=== What is required ===
Would you transcribe the listing that follows, character for character, and omit its images?
(Beginning of Source material)
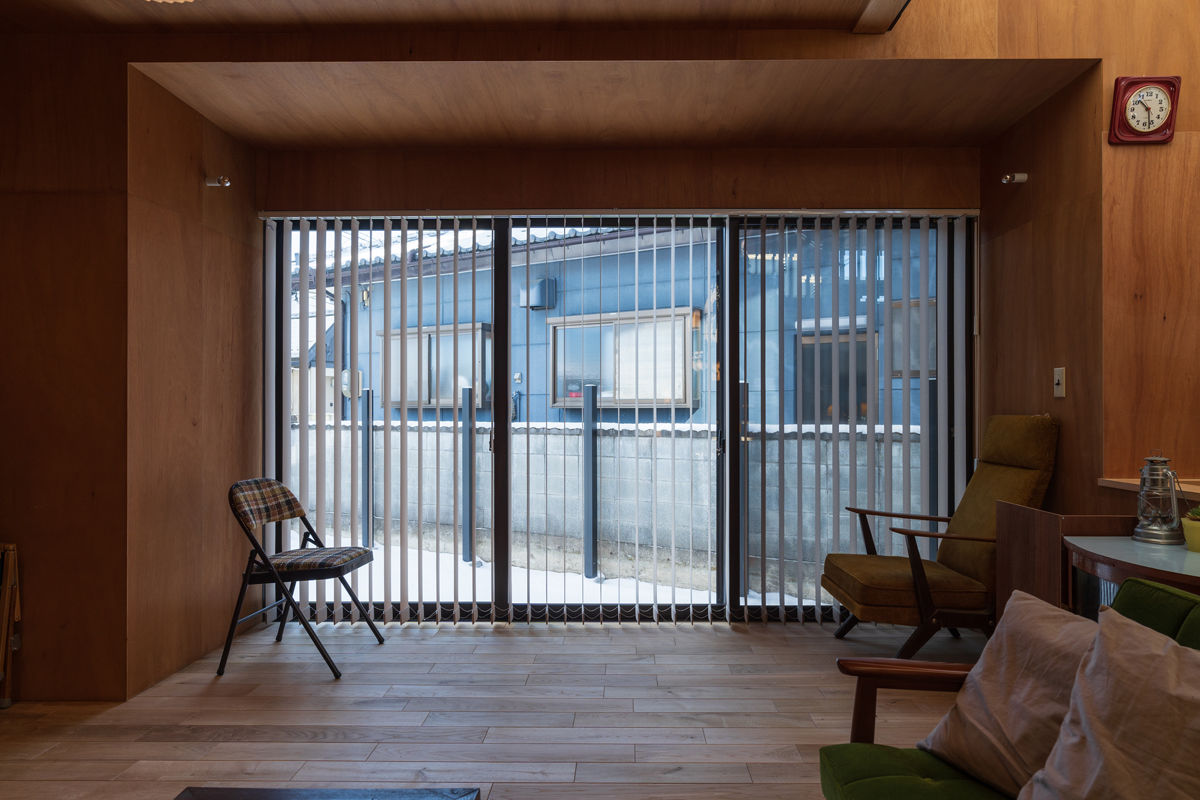 negla設計室 【2000～2500万円・29坪】細部にこだわり、創られた空間。80年代を思わせるレトロな家の建築実例画像4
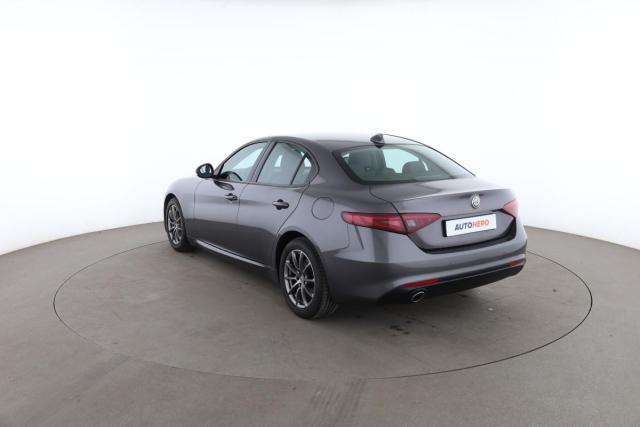 Alfa Romeo Giulia image 7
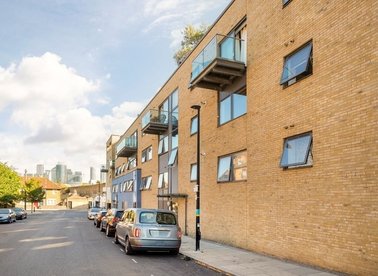 Properties for sale in Ferry Street - E14 3FA view1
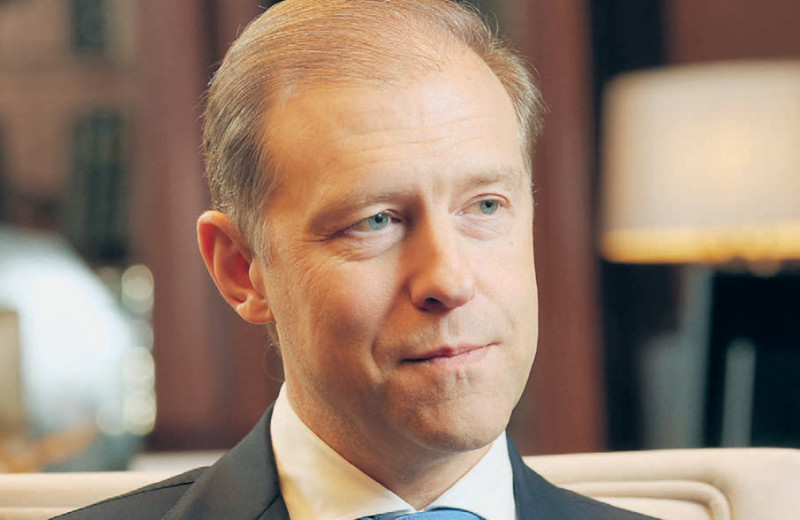 Денис Мантуров: Мы будем уникальной страной, где для самолетов выпускаются все элементы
(End of Source material)
=== Reply to the exercise ===
 negla設計室 【2000～2500万円・29坪】細部にこだわり、創られた空間。80年代を思わせるレトロな家の建築実例画像4
 Alfa Romeo Giulia image 7
 Properties for sale in Ferry Street - E14 3FA view1
 Денис Мантуров: Мы будем уникальной страной, где для самолетов выпускаются все элементы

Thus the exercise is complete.